Information given:
-------------------------

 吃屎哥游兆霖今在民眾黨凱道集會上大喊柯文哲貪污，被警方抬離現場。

-------------------------

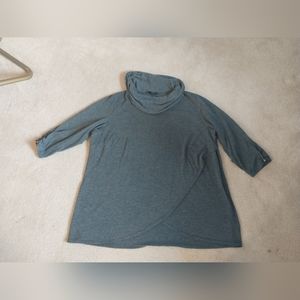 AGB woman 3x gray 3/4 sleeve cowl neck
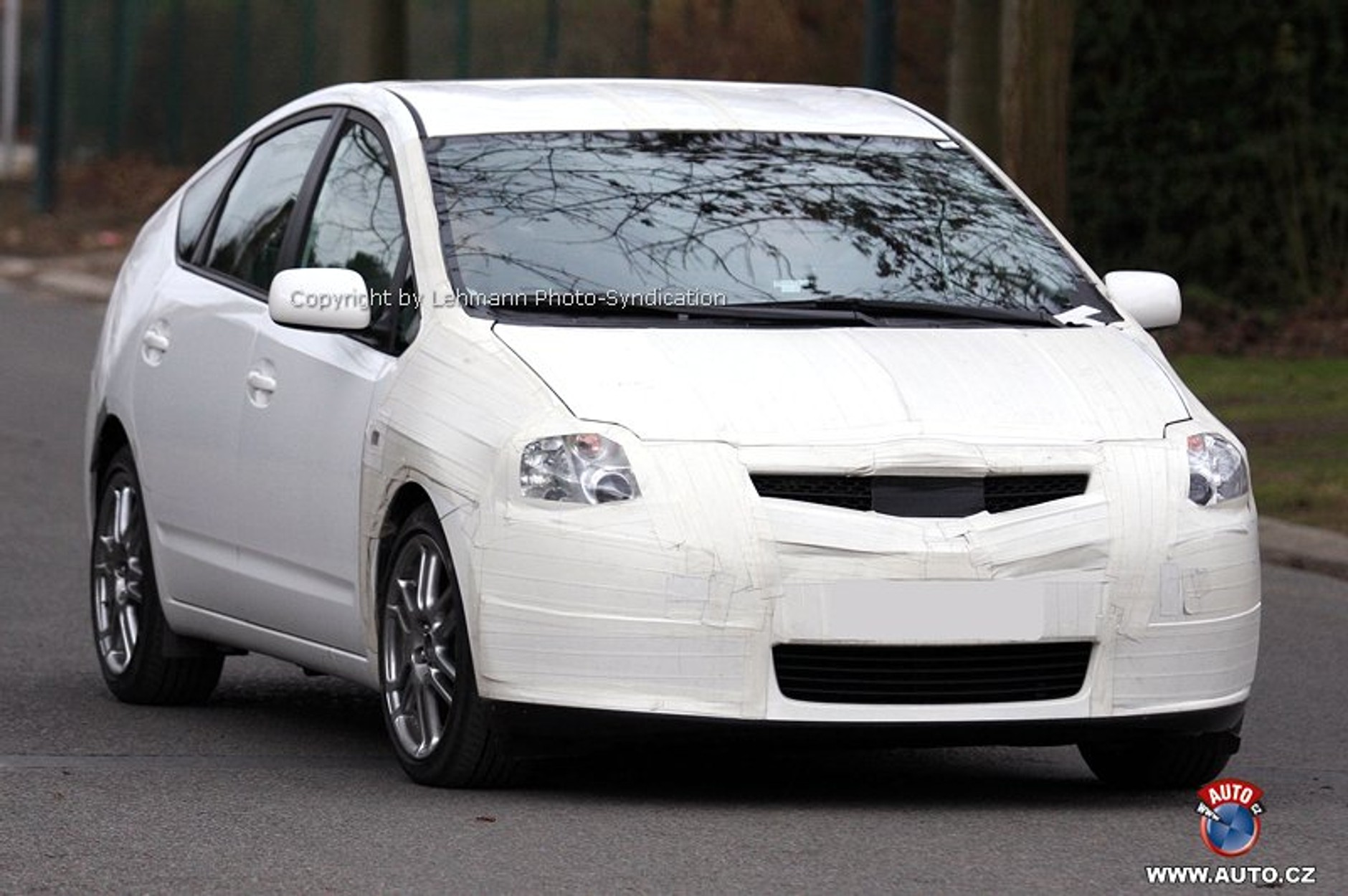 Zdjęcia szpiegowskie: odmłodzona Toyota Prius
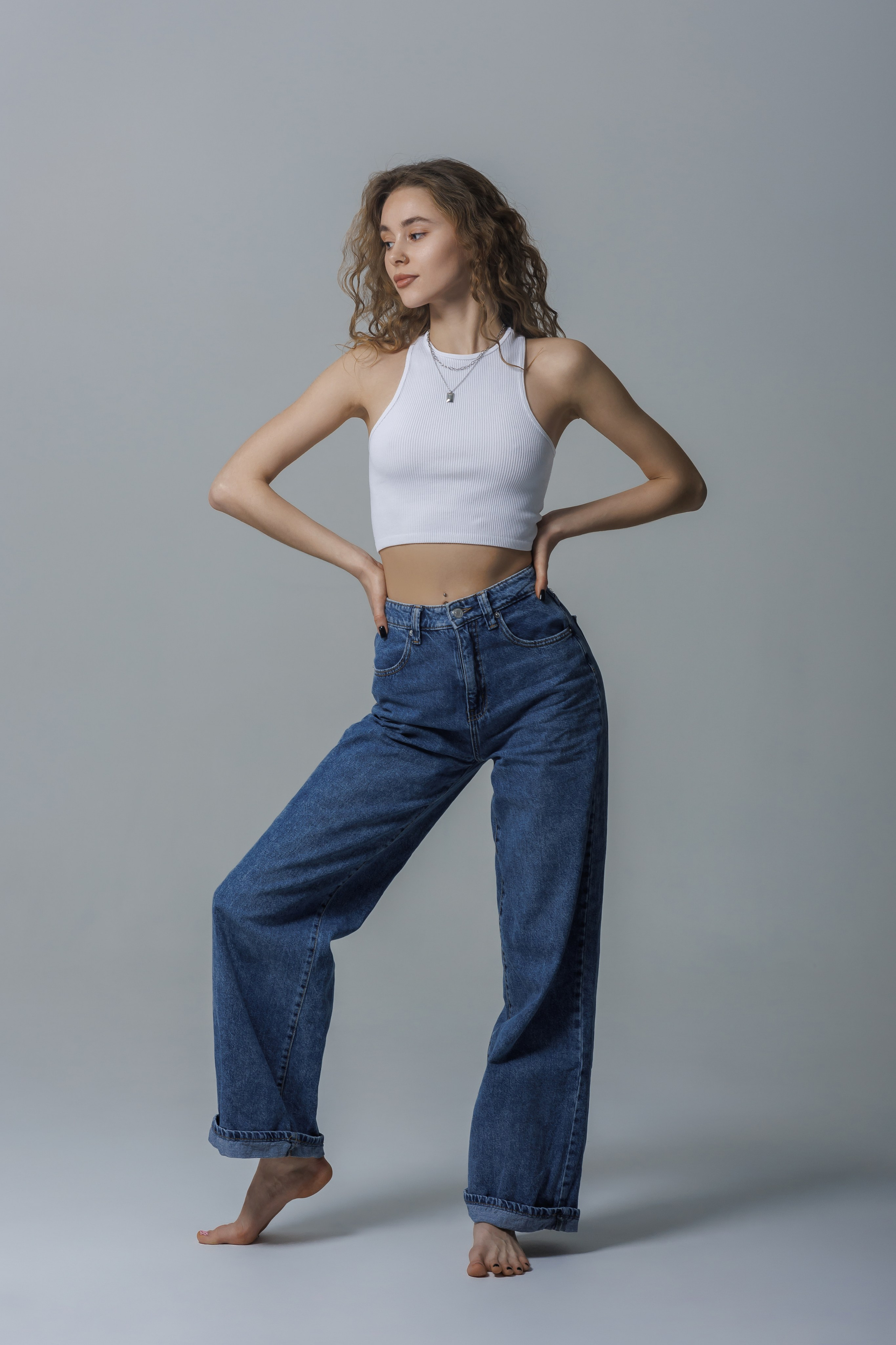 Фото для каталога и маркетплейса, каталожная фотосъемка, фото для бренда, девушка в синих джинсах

-------------------------

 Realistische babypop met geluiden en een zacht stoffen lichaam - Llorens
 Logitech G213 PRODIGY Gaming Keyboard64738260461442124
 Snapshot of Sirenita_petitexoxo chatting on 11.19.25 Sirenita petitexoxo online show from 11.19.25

-------------------------

Exercise directions: Repeat the entries above verbatim, but only from the line that has "Logitech G213 PRODIGY" down to the line that has "Snapshot of Sirenita_petitexoxo", inclusive.

Solution:
 Logitech G213 PRODIGY Gaming Keyboard64738260461442124
 Snapshot of Sirenita_petitexoxo chatting on 11.19.25 Sirenita petitexoxo online show from 11.19.25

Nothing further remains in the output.